The Vikings in Wales

One side effect of the strength of Irish resistance was to increase Viking interest in Wales. At its closest points, Wales was only a day’s sail away from Dublin, Waterford and Wexford, and from the Viking colony in the Isle of Man, but despite this had so far suffered relatively little from Viking raids. A combination of strong military rulers such as Rhodri Mawr (r. 844 – 78) of Gwynedd, difficult mountainous terrain, and Wales’ poverty compared to England, Ireland and Francia, seem to have deterred any major Viking invasions in the ninth century. Only a dozen Viking raids are recorded in the period 793 – 920, compared to over 130 in Ireland in the same period. This was fewer than the number of English invasions of Wales in the same period. Place-name evidence points to areas of Viking settlement in the south-west, in Pembrokeshire and Gower, but, as they are undocumented, it is not known when they were made. There was also a small area of Viking settlement in the far north-east, modern Flintshire, most probably by refugees from Dublin following its capture by the Irish in 902. This was probably overspill from the successful Viking colony a few miles away across the estuary of the River Dee in Wirral.

In the first half of the tenth century, Wales was dominated by Hywel Dda (r. 915-50), the king of Deheubarth in the south-west. During his long reign Hywel came close to uniting all of Wales under his rule but his death in 950 was followed by a civil war and the break-up of his dominion. This was a signal to Vikings based in Ireland, the Isle of Man and the Hebrides to launch a wave of attacks on Wales. The area most exposed to Viking raiding was the large and fertile island of Anglesey off the coast of North Wales, which lay only 70 miles due east of Dublin and just 45 miles south of the Isle of Man: raids are recorded in 961, 971, 972, 979, 980, 987 and 993. Another place hit hard was St David’s monastery on the Pembrokeshire coast, Wales’ most important ecclesiastical centre. Founded c. 500 by St David, the monastery became the seat of the archbishops of Wales in 519. Only 60 miles from Wexford, St David’s was first sacked by Vikings in 967, then again in 982, 988 and 998, when they killed archbishop Morgeneu. St David’s would be sacked at least another six times before the end of the eleventh century. In 989 the raids had become so bad that King Maredudd of Deheubarth paid tribute to the Vikings at the rate of one silver penny for each of his subjects. Viking raids declined quickly after 1000, perhaps because the Viking towns in Ireland had come under the control of Irish rulers, but raids from the Hebrides and Orkney continued into the twelfth century. Vikings from Ireland also continued to come to Wales, but they did so mainly as mercenaries signing on with Welsh kings to fight in their wars with one another and with the English.

The Rock of Cashel

The end of Ireland’s Viking Age is traditionally associated with the rise of the O’Brien (Ua Briain) dynasty of Munster, and of its greatest king Brian Boru (r. 976 – 1014) in particular. Brian’s career certainly had an epic quality about it. Brian was a younger son of Cennétig mac Lorcáin (d. 951), king of the Dál Cais, whose kingdom, which was roughly equivalent to modern County Clare, was subject to the kings of Munster. As a younger son Brian probably never expected to rule and his early life was spent in the shadow of his elder brother Mathgamain. Even Brian’s date of birth is uncertain. Some Irish sources claim that he was eighty-eight when he died in 1014, which would mean he was born in 926 or 927, but other sources give dates as early as 923 and as late as 942. Brian’s first experience of war came in 967 when he fought alongside his brother at the Battle of Sulcoit against Ivar, king of the Limerick Vikings. The following year the brothers captured and sacked Limerick, executing all male prisoners of fighting age. The rest were sold as slaves. Ivar, however, escaped to Britain and in 969 he returned with a new fleet and regained control of Limerick only to be expelled again by the Dal Cais in 972.
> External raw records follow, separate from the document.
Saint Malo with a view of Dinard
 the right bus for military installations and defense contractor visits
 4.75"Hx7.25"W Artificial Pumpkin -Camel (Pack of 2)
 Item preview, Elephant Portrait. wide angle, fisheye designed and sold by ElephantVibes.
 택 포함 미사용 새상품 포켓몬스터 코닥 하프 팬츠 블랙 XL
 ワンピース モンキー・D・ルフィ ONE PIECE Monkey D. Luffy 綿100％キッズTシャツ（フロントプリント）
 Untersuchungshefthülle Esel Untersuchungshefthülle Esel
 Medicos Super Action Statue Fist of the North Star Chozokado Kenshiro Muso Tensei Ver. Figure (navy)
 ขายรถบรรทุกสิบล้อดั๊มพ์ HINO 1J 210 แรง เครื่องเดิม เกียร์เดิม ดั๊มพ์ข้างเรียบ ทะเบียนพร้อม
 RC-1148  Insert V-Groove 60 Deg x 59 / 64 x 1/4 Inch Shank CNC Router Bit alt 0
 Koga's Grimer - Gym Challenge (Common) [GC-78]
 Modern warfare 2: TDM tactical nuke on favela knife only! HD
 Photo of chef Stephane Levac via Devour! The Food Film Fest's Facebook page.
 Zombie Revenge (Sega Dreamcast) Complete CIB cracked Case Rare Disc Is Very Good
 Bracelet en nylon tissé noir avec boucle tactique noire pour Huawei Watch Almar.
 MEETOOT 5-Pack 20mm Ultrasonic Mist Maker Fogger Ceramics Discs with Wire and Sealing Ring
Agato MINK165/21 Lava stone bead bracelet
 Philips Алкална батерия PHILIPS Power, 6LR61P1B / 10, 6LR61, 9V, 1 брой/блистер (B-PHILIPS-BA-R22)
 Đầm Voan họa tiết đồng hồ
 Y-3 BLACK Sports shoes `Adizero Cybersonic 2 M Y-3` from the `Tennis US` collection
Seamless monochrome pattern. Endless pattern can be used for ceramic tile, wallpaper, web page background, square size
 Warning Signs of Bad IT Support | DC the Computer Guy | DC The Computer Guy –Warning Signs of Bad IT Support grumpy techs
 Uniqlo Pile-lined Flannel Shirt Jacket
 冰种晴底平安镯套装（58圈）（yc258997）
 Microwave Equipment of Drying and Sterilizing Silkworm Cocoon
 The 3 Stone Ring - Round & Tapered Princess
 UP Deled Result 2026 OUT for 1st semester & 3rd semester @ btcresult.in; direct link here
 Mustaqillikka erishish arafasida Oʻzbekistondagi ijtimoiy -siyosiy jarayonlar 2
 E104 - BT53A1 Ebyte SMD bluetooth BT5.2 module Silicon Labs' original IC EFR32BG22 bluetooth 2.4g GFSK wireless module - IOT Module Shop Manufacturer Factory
Probably in 970, Mathgamain expelled his nominal overlord, Máel Muad the king of Munster, from his stronghold on the Rock of Cashel. The rock is a natural fortress, a craggy limestone hill rising abruptly and offering a magnificent view over the fertile plains of County Tipperary. The rock is now crowned by the ruins of a medieval cathedral and one of Ireland’s tallest surviving round towers, so little evidence of earlier structures survives. In legend, Máel Muad’s ancestor Conall Corc made Cashel the capital of Munster after two swineherds told him of a vision in which an angel prophesised that whoever was the first to light a bonfire on the rock would win the kingship of Munster. Conall needed no more encouragement and had hurried to Cashel and lit a fire. This was supposed to have happened around sixty years before St Patrick visited around 453 and converted Munster’s then king Óengus to Christianity. During the baptismal ceremony the saint accidentally pierced Óengus’ foot with the sharp end of his crozier. The king, thinking it was part of the ritual, suffered in silence.

Mathgamain’s success in capturing Cashel promised to make the Dál Cais a major power as Munster was one of the most important of Ireland’s over-kingdoms, covering the whole of the south-west of the island. However, before Mathgamain could win effective control of Munster, Máel Muad murdered him and recaptured Cashel. Brian now unexpectedly found himself king of the Dál Cais and quickly proved himself to be a fine soldier. After his expulsion from Limerick in 972, Ivar established a new base on Scattery Island, close to the mouth of the Shannon, from where he could still easily threaten Dál Cais. This sort of tactic had served Vikings well since the 840s, but no more. Brian had learned the importance of naval power from the Vikings and in 977 he led a fleet to Scattery Island, surprising and killing Ivar. A year later Brian defeated and killed his brother’s murderer to regain control of Cashel. Very shortly afterwards he defeated his last serious rival for control of Munster, Donnubán of the Uí Fidgente, and the remnants of the Limerick Vikings under Ivar’s son Harald. Both Donnubán and Harald were killed. This spelled the end of Viking Limerick. The town now effectively became the capital of Dál Cais, but Brian allowed its Norse inhabitants to remain in return for their valuable military and naval support. In the years that followed, Brian also became overlord of the Viking towns of Cork, Wexford and Waterford.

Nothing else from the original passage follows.